● **YOUR ASSIGNMENT**
For the records that follow, restate each one word for word and leave the images behind.

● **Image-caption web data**
————————

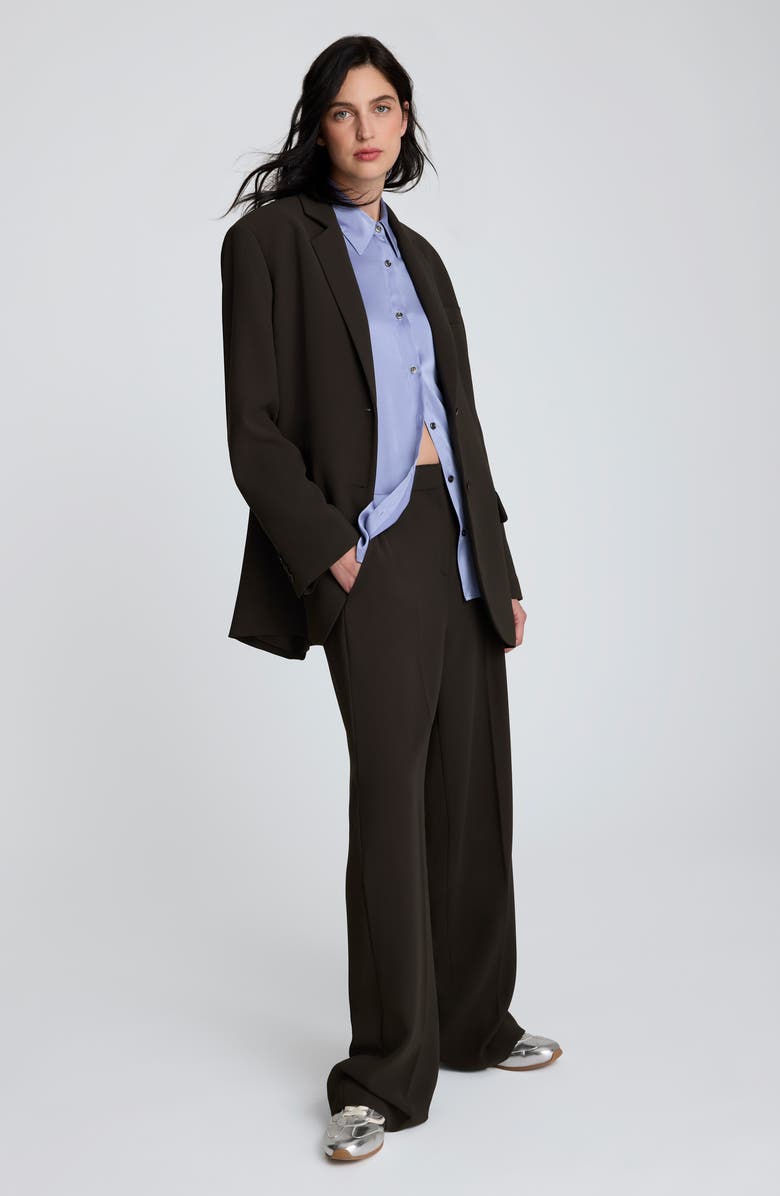 Kenneth Cole Oversize Jacket, Alternate, color, 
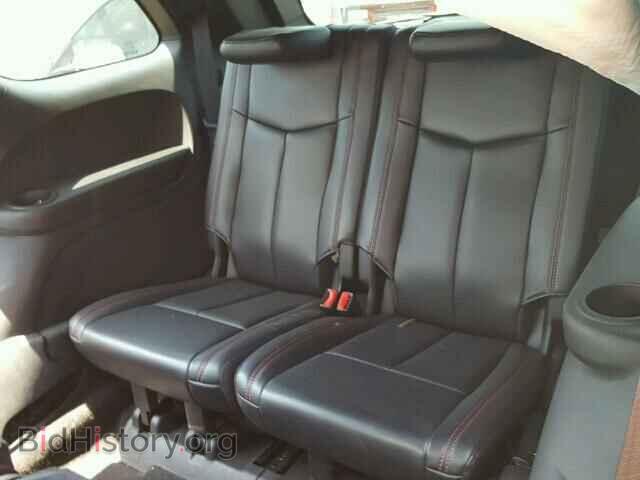 2014 DODGE DURANGO - VIN: 1C4SDJCT0EC978271 - Фото 9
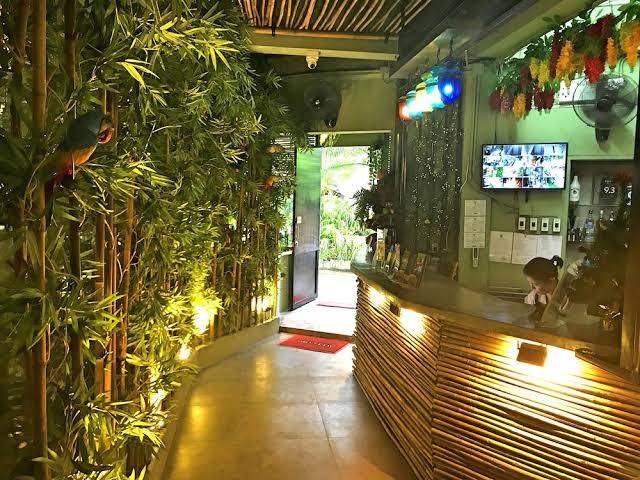 Samui beach residence hotel
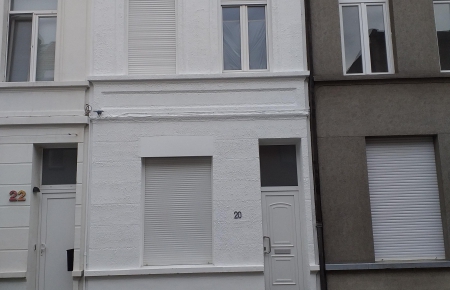 Huis te koop in borgerhout met 4 slaapkamers en 2 badkamers
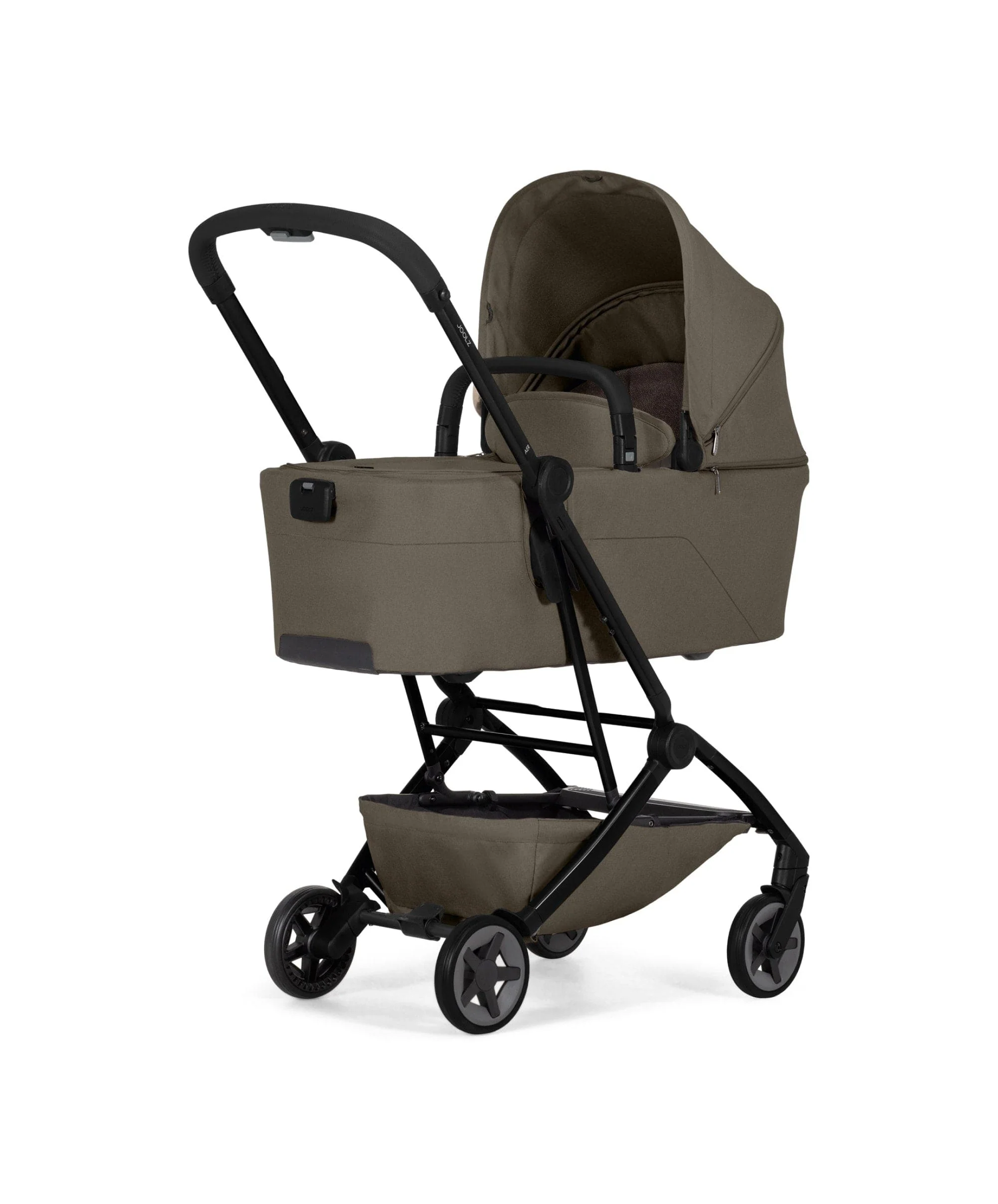 Joolz Aer2 Carrycot - Hazel Brown - Image 4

————————

● **TASK RESPONSE**
 Kenneth Cole Oversize Jacket, Alternate, color, 
 2014 DODGE DURANGO - VIN: 1C4SDJCT0EC978271 - Фото 9
 Samui beach residence hotel
 Huis te koop in borgerhout met 4 slaapkamers en 2 badkamers
 Joolz Aer2 Carrycot - Hazel Brown - Image 4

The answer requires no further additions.